Start the web platform (requires [web] install):

ctx-rail web                # API + React UI (default)
ctx-rail web --no-frontend  # API only

A session with Context-Rail

This is what it feels like to work with CR — not a tool catalog, but the flow an agent actually follows.

1. Start — the agent already knows

The agent opens a session and calls one tool:

session_start(agent_id="codex-1", workdir="/path/to/repo")
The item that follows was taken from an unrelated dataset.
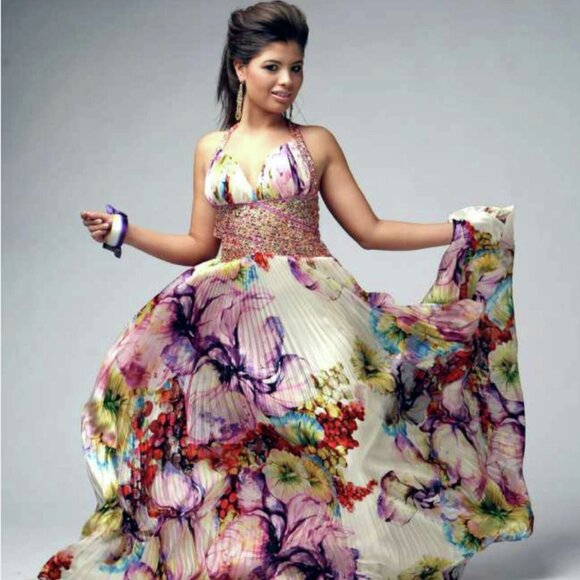 Jovani Dress Long Maxi Silk Prom Evening Formal Floral Beaded Pleated Size 0 - Picture 1 of 16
It gets back everything it needs in one response:

  • which project is active (via workspace binding — survives across sessions);
  • the roadmap story — intent, success criteria, non-goals;
  • the current phase and its progress;
  • the next task with dependencies and context items;
  • open warnings (blocked tasks, tasks needing evidence);
  • governance status — is there an intent tree? an approved plan contract?

If the workspace isn't bound yet, the agent binds it once:

project_login("project-id", agent_id="codex-1", workdir="/path/to/repo")

From then on, every session in that workspace opens with the correct project automatically.

The agent does not guess what to do next. It does not start from zero.

2. Plan — natural brainstorm, not a blank form

Before jumping into tasks, CR runs a brainstorm — a natural conversation proportional to the idea. It can shape:

  • a whole project (vision, phases, roadmap, risks);
  • one phase or one goal;
  • one feature or task;
  • a refinement or an option comparison;
  • an execution plan.

The conversation stays friendly. The agent drafts the plan. The human reviews it. Only approved plans become committed project work.

Approval creates a plan contract — not just old context. That contract carries the goal, quality bar, autonomy boundaries, evidence rules, stop rules, plan snapshot, drift rules, and rail-check policy that later execution must follow.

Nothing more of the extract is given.